When an expectant mother asks her care provider for information about how often (s)he does inductions, cesareans, episiotomies, etc., one common response is:
"Only when I need to..." or
"Only when it's necessary..."

Are those good responses? The problem is that these answers are subjective; they're dependent on a particular doctor or midwife and his/her training, experience, and personal perspective - even someone's personality can come into play.

If all doctors and midwives provided individual care based on evidence, this type of answer would be more acceptable. However, other factors besides the individual and the evidence come into play in decision-making. I read in Pushed that "A 2006 analysis of ACOG obstetric recommendations found that only 23% were based on ‘good and consistent scientific evidence’ and that nearly half were based primarily on consensus and expert opinion, the weakest level of evidence" (Block 266).

To take it out of the medical field - because I believe subjectivity is part of being human, not just a factor in medical decisions:

I used to be a high school teacher, before my children were born. Whenever a parent would ask me "When do you call parents?", I would explain the particular situations that would elicit a phone call home. I could have said, "only when I need to", but I wouldn't have, because it does not truly answer the question. I do not think most parents would have accepted such an answer - nor should they.

Some teachers really hate calling parents, or don't want to spend the time to do it, so they may call only when a student is in danger of failing the class & it's mandated by school policy. Others may call when a student is in danger of failing, or is having behavior issues, to try to get parents to help turn the situation around. Others may call when a student is in danger of failing, for behavior issues, as well as for a sudden change in work quality, behavior, attendance etc. Finally, some teachers truly value home/school communication and make it a priority - those teachers may call for the previous reasons plus to congratulate students for a particular achievement.

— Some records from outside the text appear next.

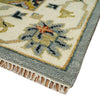 Antique Traditional Blue and Ivory Vintage Style Custom Made wool Area Rug
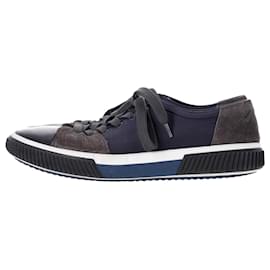 Prada-Prada Lace Up Sneakers in Navy Blue Canvas-Blue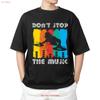 Don't Stop the Music DJ T Shirt Hip Hop House Techno Dance Vintage Washed Streetwear Homme Graphic Soft Fashion Stretched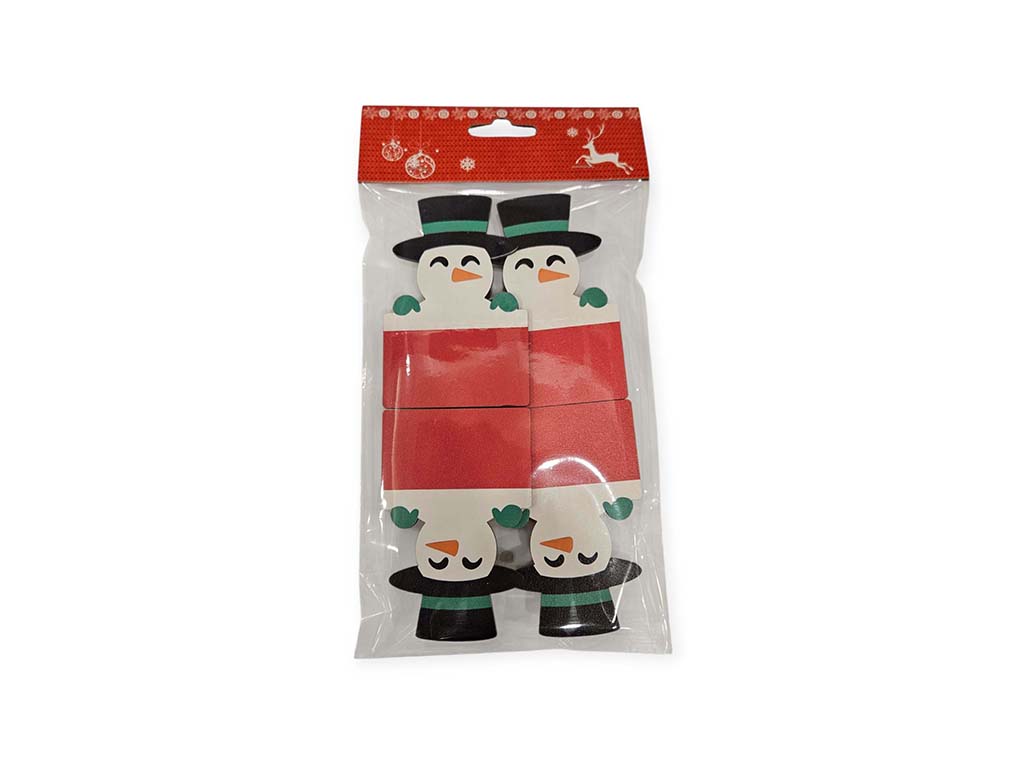 S/4 TAGS XMAS MUÑECO NIEVE C/PINZA DIY cod. 9324861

I'd bet all of those teachers would say they're calling when they "need to" - it's just that their opinion of "need to" is obviously very different.

Since "only when I need to" isn't a real answer, I believe a follow-up question is in order, even if it is hard to ask. Moms and dads deserve to understand the routines the care provider uses, so they can make an informed decision about whether or not that doctor or midwife is a good fit for them.

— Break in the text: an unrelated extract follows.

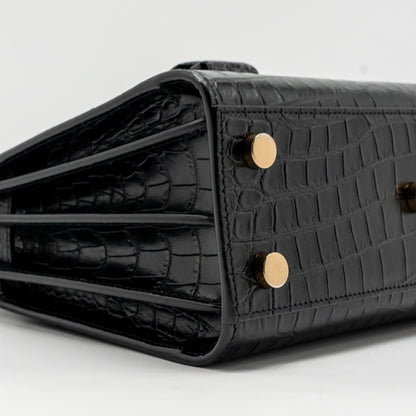 Saint Laurent/YSL Nano Sac de Jour Croc-Embossed Calfskin Black GHW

Some follow-up questions might include:
What percentage of births do you do ____________ for?
What specific situations do you use ____________________?
What other procedures/medications do you sometimes use instead & when/why?
I'm really hoping to avoid _________________, what can I do ahead of time or during the birth?

Besides, the response to the follow-up question can be very telling as well. Does the doctor or midwife become defensive or aggressive ("When did you go to medical school?")? Does he/she use scare tactics ("Well, you wouldn't want to tear from here... to here, would you?")? Is the answer still vague ("I don't really know how many ______________ I do... when the baby/mother needs it... sometimes" etc.)? It's a good thing to know sooner than later if your care provider responds to thoughtful questions in such an unprofessional way.

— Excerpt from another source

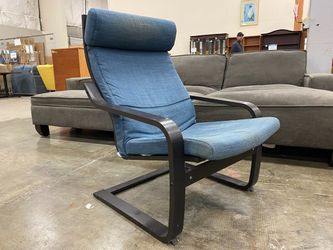 IKEA Black Poang Rocker with Ocean Blue Cushion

Or, does the care provider sit down and answer the question: "well, I don't usually do episiotomies, let's see - I've done three or four in the past year, when we needed to use the vacuum extractor to help mom push the baby out" or "for most first-time mothers, I do episiotomies. A clean cut heals better than a tear". Another example, "I'm comfortable with moms birthing in any position - I've caught babies with mom on hands/knees, using a birth stool, leaning on the back of the bed, in the water tub; many moms do seem to end up using the bed...; I offer suggestions sometimes, and would be happy to help you find an efficient position for pushing, if that's what you're looking for. Tell me more about what you're hoping for..." or "I want moms to be on the bed so I can monitor the baby. Some moms are propped up, some are lying down, or on their side."

Not all of those answers are based on evidence (baby can be monitored very nicely in a variety of positions, it just depends on care providers experience; episiotomies do not heal better), but at least the mother knows where the doctor or midwife stands on the issue and can make a real decision, ahead of time.

The best overall resource I've read about choosing a caregiver is in Henci Goer's The Thinking Woman's Guide to a Better Birth - she has a whole chapter to discuss options and questions to ask etc.

Two of my most popular posts also address choosing a care provider: Choosing a Care Provider & Birth Place and Pregnancy and Birth: What Are My Choices?.